● **Data for review**:
● ● ● ● ● ● ●

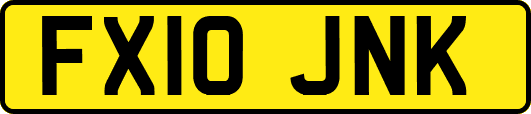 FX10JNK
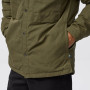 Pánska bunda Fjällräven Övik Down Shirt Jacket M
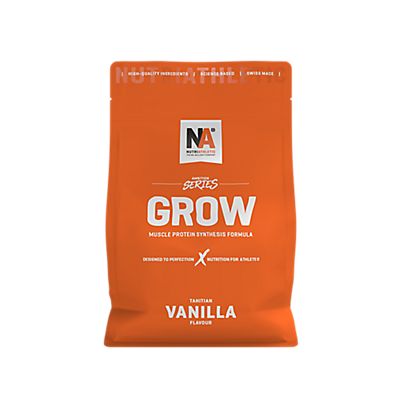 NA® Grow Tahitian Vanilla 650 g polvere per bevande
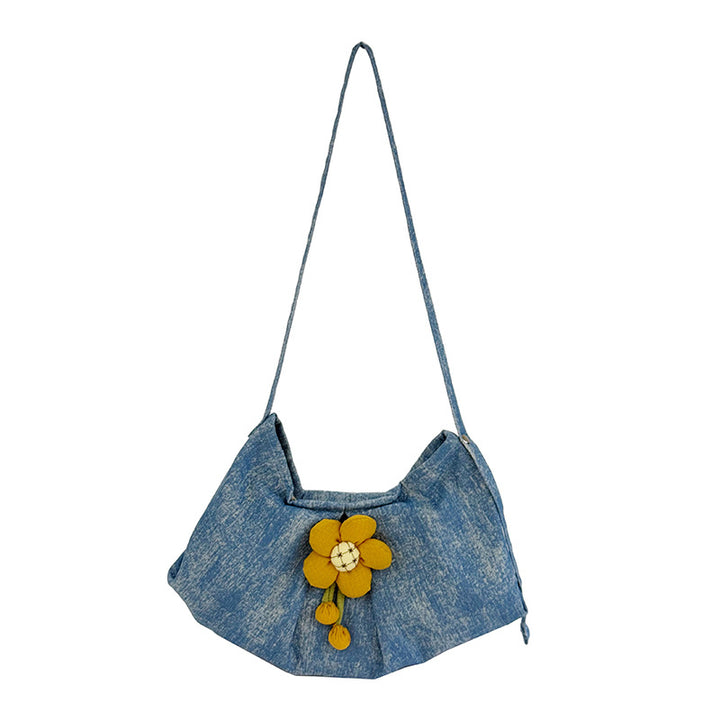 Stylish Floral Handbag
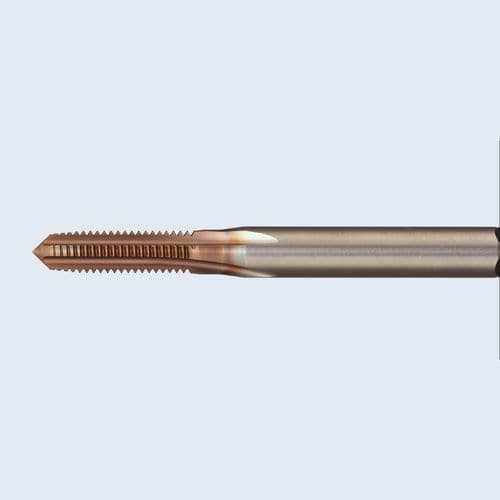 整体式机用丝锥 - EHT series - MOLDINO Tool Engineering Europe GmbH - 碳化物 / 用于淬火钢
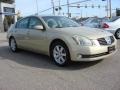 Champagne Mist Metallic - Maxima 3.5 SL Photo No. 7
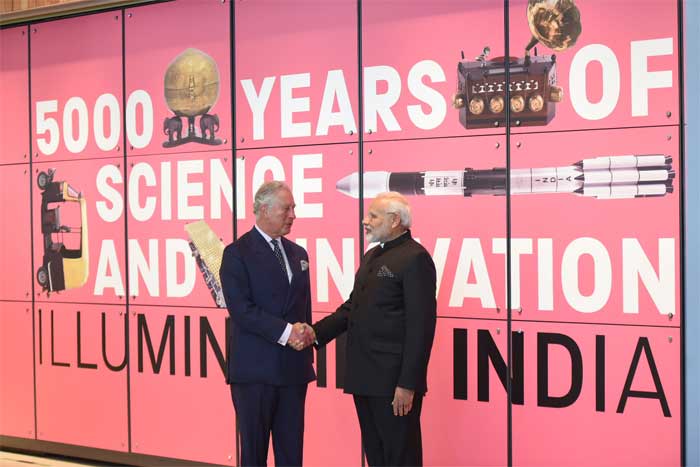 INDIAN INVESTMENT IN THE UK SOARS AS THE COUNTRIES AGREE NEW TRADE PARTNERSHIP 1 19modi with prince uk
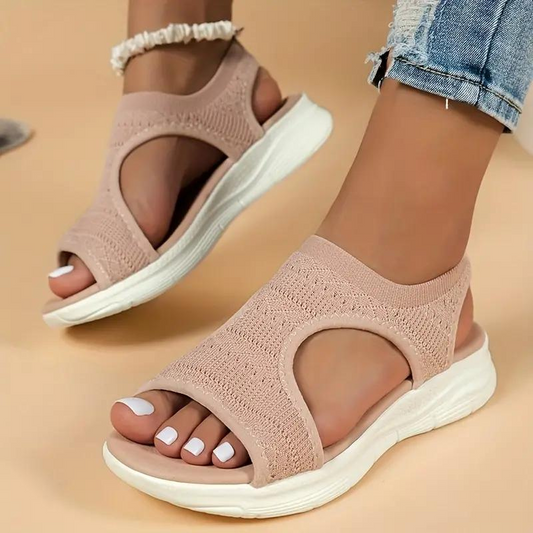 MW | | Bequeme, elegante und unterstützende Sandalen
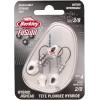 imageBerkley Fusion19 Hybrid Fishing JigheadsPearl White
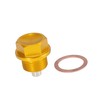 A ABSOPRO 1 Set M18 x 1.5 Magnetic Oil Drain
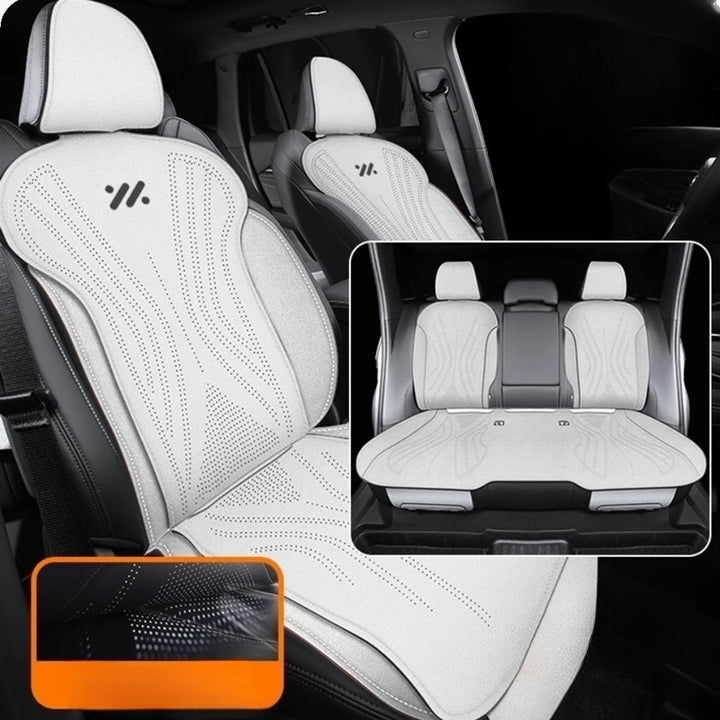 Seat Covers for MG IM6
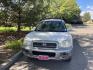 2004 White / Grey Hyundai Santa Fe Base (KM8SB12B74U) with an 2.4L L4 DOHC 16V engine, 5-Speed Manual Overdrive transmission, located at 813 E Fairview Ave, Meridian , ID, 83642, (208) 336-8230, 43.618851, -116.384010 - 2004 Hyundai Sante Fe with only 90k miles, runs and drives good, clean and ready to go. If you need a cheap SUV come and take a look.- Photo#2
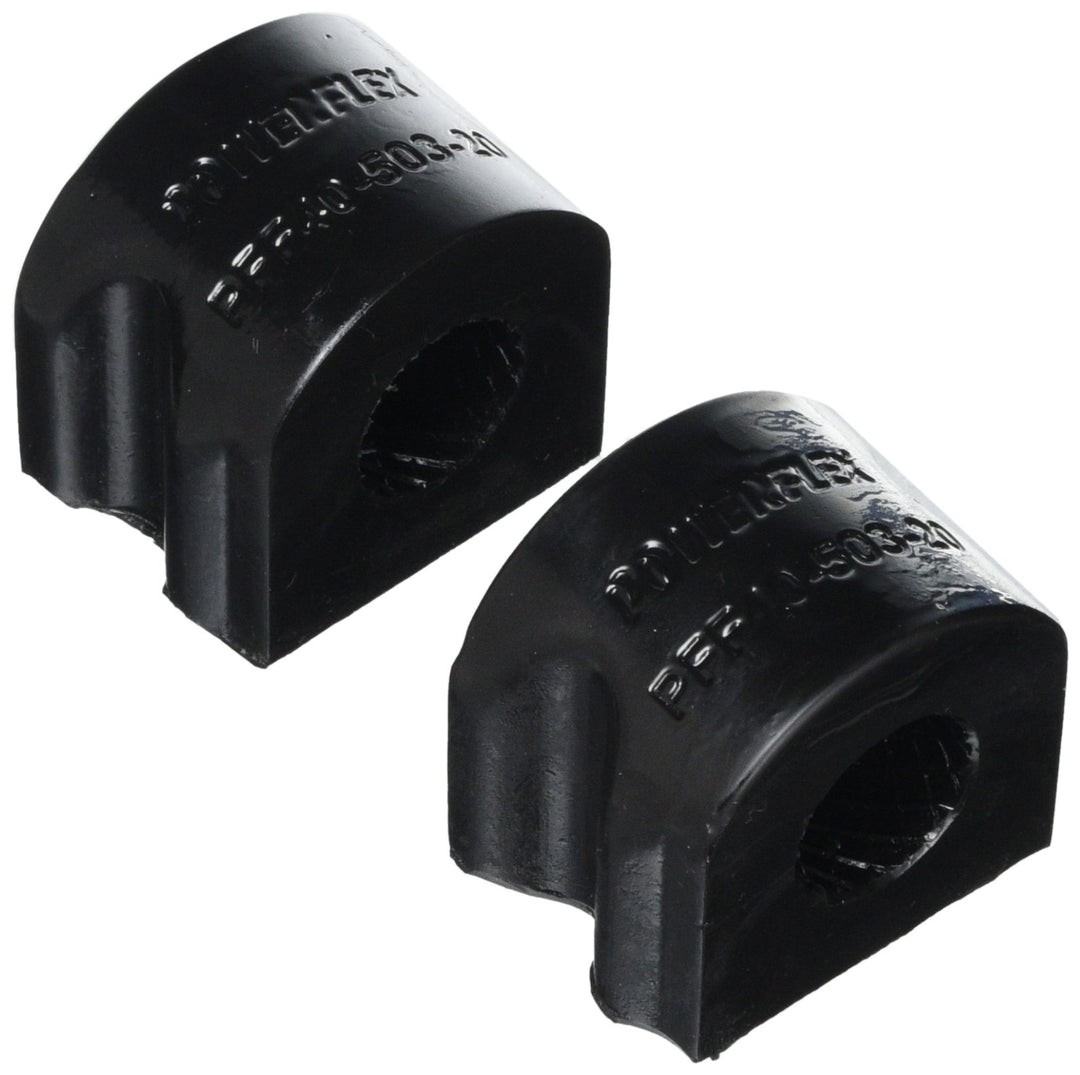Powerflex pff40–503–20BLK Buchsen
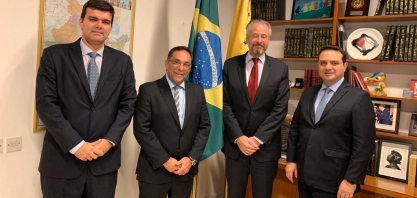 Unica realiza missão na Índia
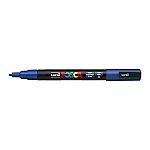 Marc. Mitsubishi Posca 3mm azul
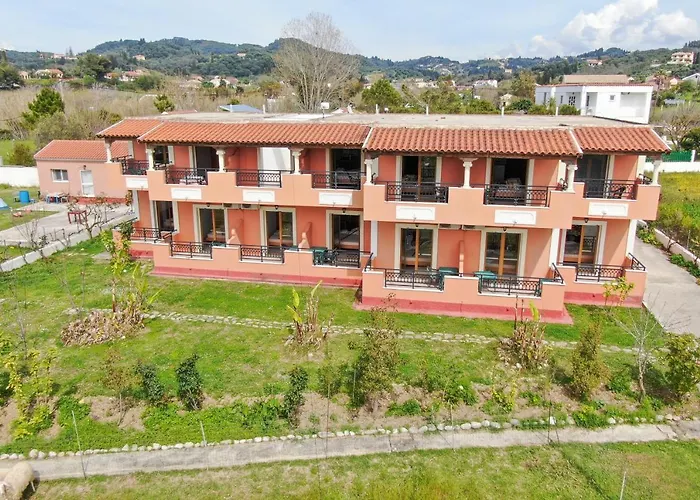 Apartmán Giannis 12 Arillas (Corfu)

● ● ● ● ● ● ●

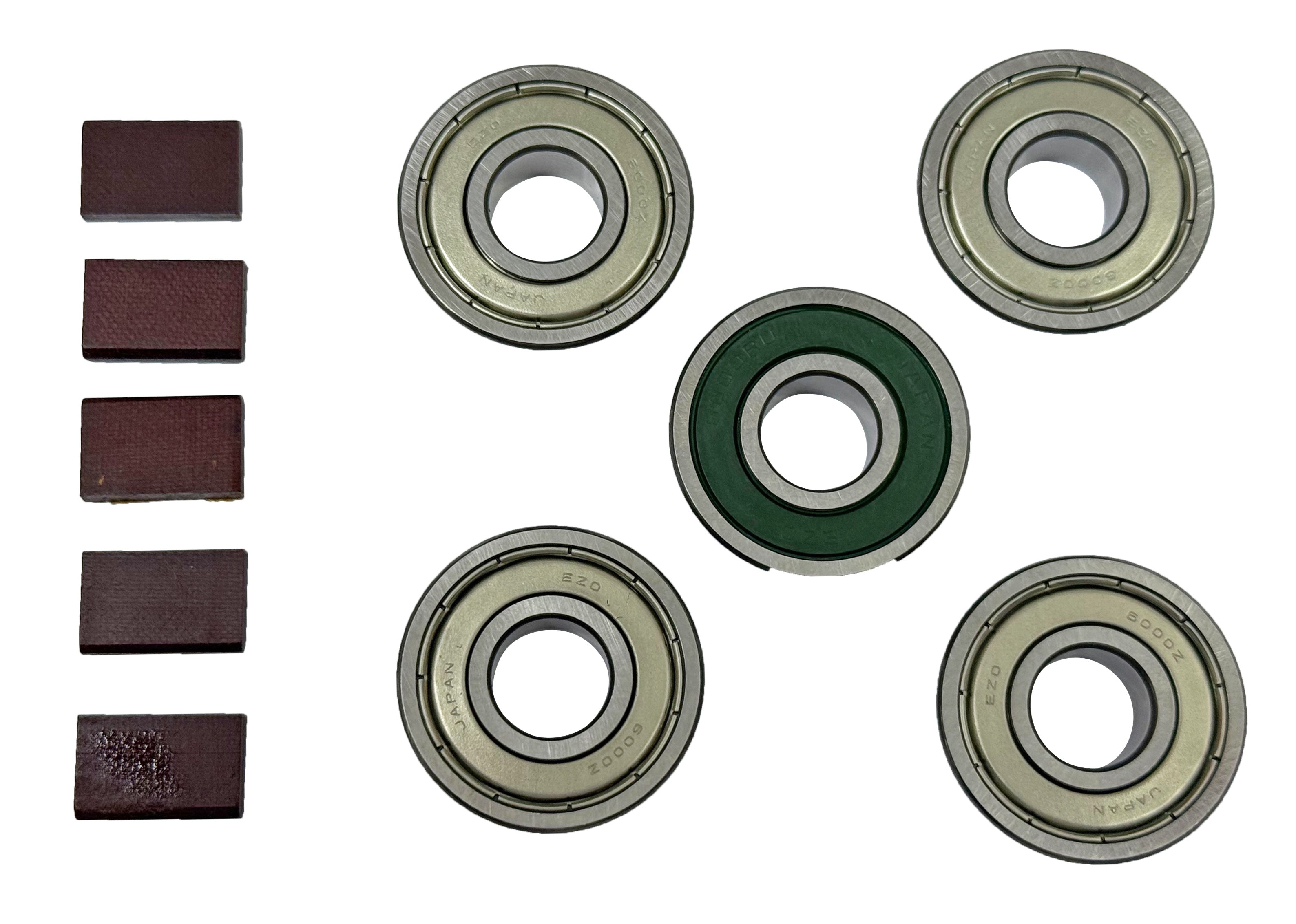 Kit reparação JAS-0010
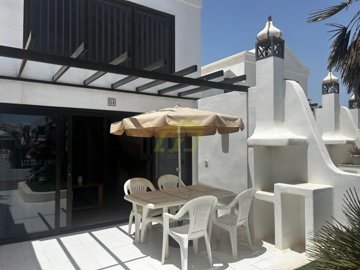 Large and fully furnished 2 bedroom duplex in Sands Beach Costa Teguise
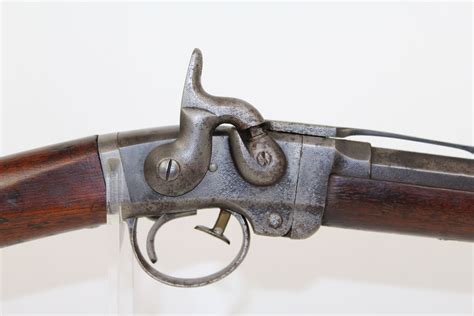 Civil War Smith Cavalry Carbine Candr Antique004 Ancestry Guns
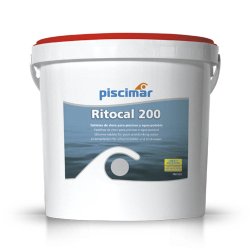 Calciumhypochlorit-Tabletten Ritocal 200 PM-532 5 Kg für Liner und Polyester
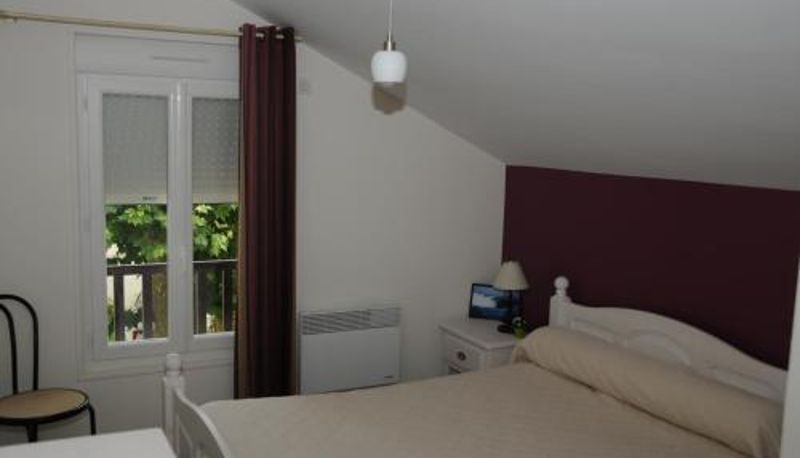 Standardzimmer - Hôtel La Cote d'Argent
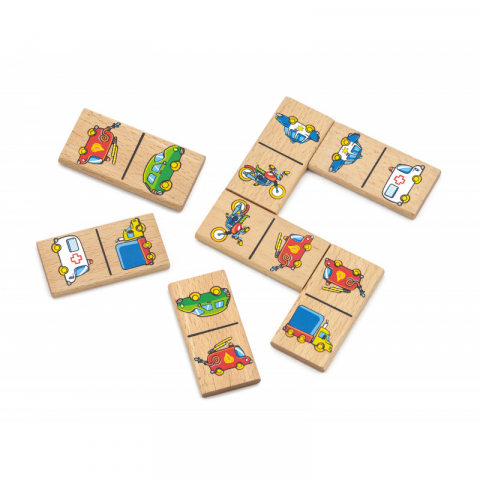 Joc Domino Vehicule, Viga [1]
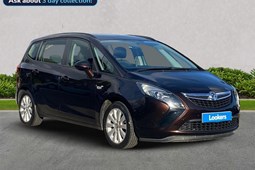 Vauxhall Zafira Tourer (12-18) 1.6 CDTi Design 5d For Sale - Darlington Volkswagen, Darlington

● ● ● ● ● ● ●

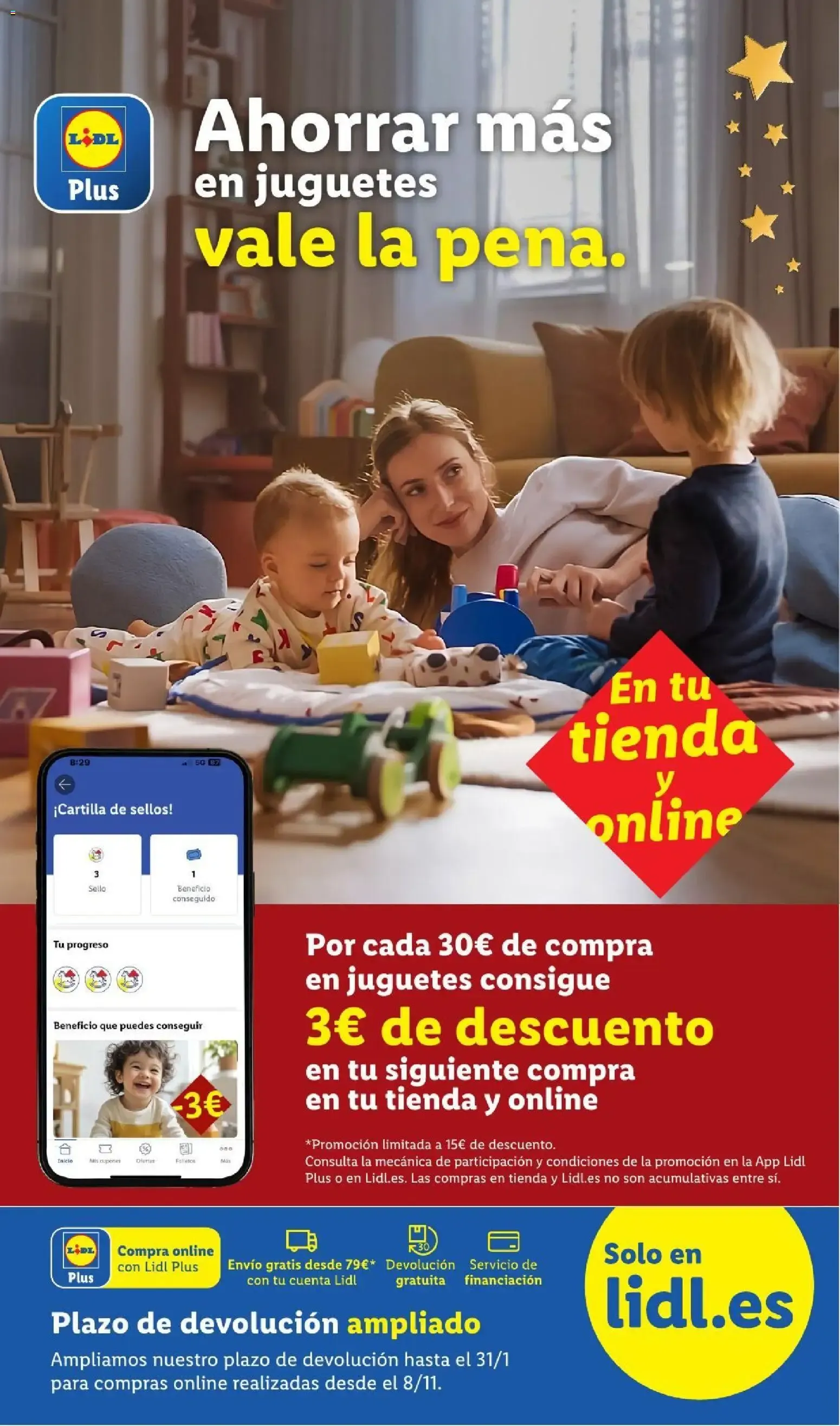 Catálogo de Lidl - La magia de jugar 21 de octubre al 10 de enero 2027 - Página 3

● ● ● ● ● ● ●

● **Your assignment**: With pictures omitted, repeat the entries above word for word from the line holding "Calciumhypochlorit-Tabletten Ritocal 200" down to the line holding "Vauxhall Zafira Tourer", keeping both of those lines.

● **The answer**:
 Calciumhypochlorit-Tabletten Ritocal 200 PM-532 5 Kg für Liner und Polyester
 Standardzimmer - Hôtel La Cote d'Argent
 Joc Domino Vehicule, Viga [1]
 Vauxhall Zafira Tourer (12-18) 1.6 CDTi Design 5d For Sale - Darlington Volkswagen, Darlington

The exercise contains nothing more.